A resposta do Paulo sofre do chamado ‘problema bipolar’ partilhado por muitos que discutem a União Europeia. De um lado, estão os bem intencionados, que defendem objectivos admiráveis como “uma verdadeira união de povos”, a “paz na Europa”, a independência e a prosperidade de Portugal e, até, “o bem estar dos nossos filhos.” Do outro lado, estão todos os que discordam dos bem intencionados (as razões são indiferentes), cujas ideias levam ao fim da UE, ao regresso dos “Hitlers, Mussolinis” e da guerra, e à condição de “protectorado” de Portugal.

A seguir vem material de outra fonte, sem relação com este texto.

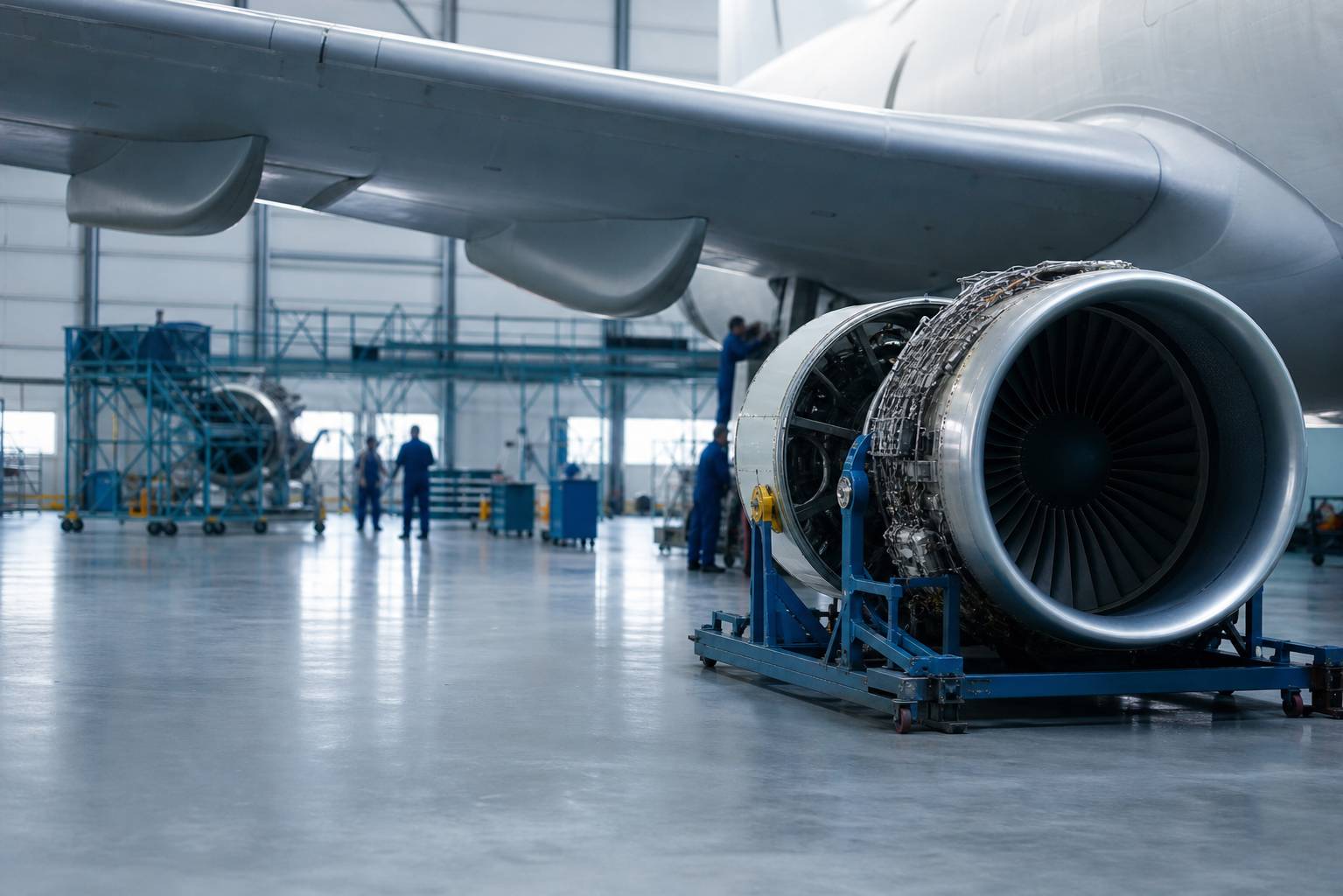 Atelier de maintenance avec une aile d'avion cargo surélevée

Volto assim aos meus argumentos. Em primeiro lugar, considerei que a escolha de candidatos para Presidente da Comissão Europeia constitui uma violação do Tratado de Lisboa. Tu discordas e dizes porquê: “se o candidato (a presidente da Comissão Europeia) é eleito pelo Parlamento Europeu”, então será “lógico e sobretudo legítimo que a instituição – os grupos políticos – proponha antecipadamente os candidatos.” Na minha opinião não é lógico e muito menos legítimo. A tua lógica reduziria o Conselho Europeu a simplesmente confirmar a escolha do Parlamento sem qualquer intervenção relevante no processo. Quem acompanhou as negociações do Tratado de Lisboa sabe muito bem que não foi essa a intenção dos negociadores. A intenção foi o Conselho Europeu escolher um candidato que reunisse as condições políticas para conseguir uma maioria no Parlamento. Não foi dar essa escolha ao Parlamento, reduzindo o Conselho Europeu à condição de notário. Discordamos. Mas, ao contrário de ti, aceito as nossas divergências sem achar que as tuas ideias podem levar ao fim da UE.

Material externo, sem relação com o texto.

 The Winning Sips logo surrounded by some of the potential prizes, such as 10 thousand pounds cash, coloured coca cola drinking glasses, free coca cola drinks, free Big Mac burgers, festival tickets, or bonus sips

E não entendo por que razão o meu argumento é “intergovernamental”. Estou simplesmente a defender o que entendo ser o respeito pelos tratados (para usar um palavrão, o ‘método comunitário’). Além disso, também não percebo o teu problema com o “intergovernamentalismo” (que tratas como a antecâmara das ditaduras). Os tratados, desde Roma a Lisboa, resultam de negociações entre governos (intergovernamentais portanto). O teu “sonho” pelo qual tanto “lutas” tem sido o resultado da vontade de governos. Olha para a fotografia dos participantes nas negociações do Tratado de Roma e tenta descobrir os representantes do Parlamento Europeu.

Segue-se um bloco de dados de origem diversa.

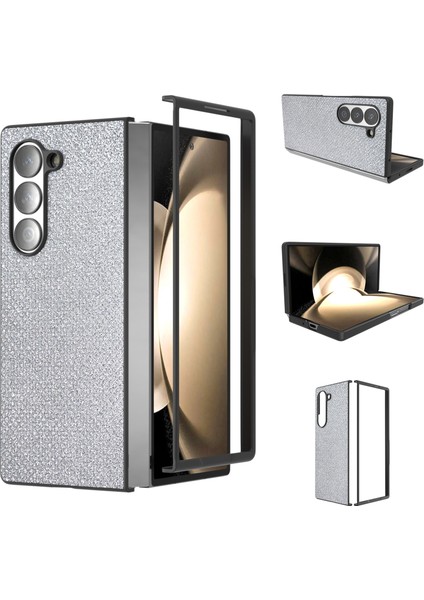 Samsung Galaxy Z Fold6 5g Taşlı Dokulu Pu+Pc Telefon Kılıfı (Yurt Dışından)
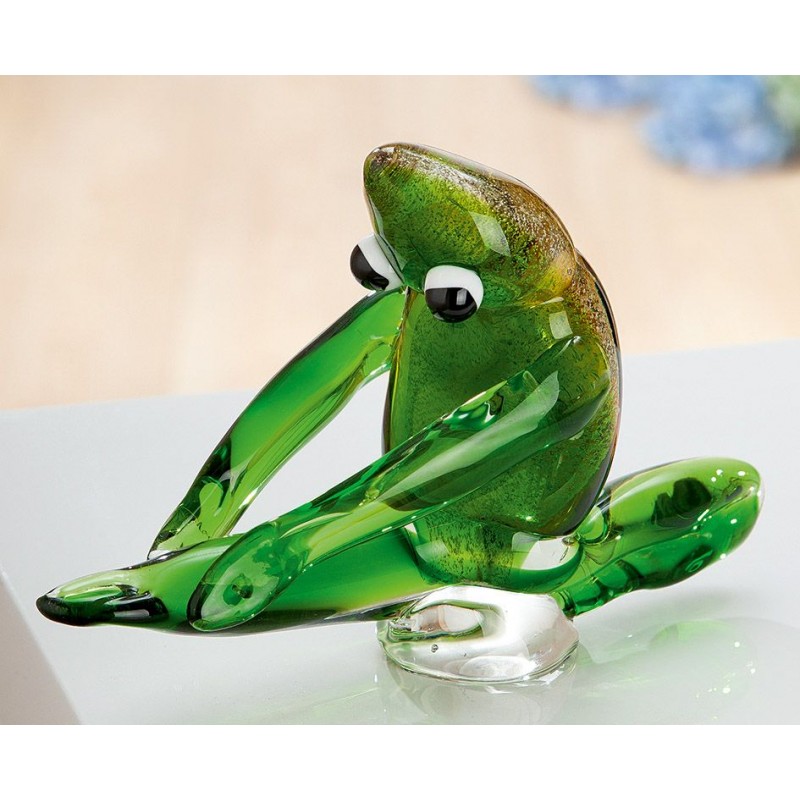 Gilde GlasArt Skulptur Yoga-Frosch dehnend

No meu artigo, apresentei ainda um segundo argumento. Os governos nacionais não só têm o poder legal para escolher o candidato a presidente da Comissão Europeia, como gozam da legitimidade política para o fazer. Nunca aceitei o argumento do “défice democrático da UE” porque todos os governos dos países membros são inteiramente democráticos. Todos eles resultam de eleições parlamentares. E estou igualmente convencido que a grande maioria dos europeus sentem-se mais representados pelos parlamentos nacionais do que pelo Parlamento Europeu. E mais uma vez aceito que tenhas uma posição diferente, sem te acusar de nada.

Na tua resposta, a associação dos meus argumentos às ideias da Le Pen e do Farage irritou-me. Fiquei irritado por que levo a democracia e a UE (por esta ordem) muito a sério. Por isso lamento dizer-te, meu caro Paulo, não leste o meu artigo. Ouviste a cassete que tens na cabeça e que começa a tocar automaticamente cada vez que não concordas com algum argumento sobre a UE ou sobre o Parlamento Europeu. Espero que desta vez leias o meu texto e não ouças a cassete.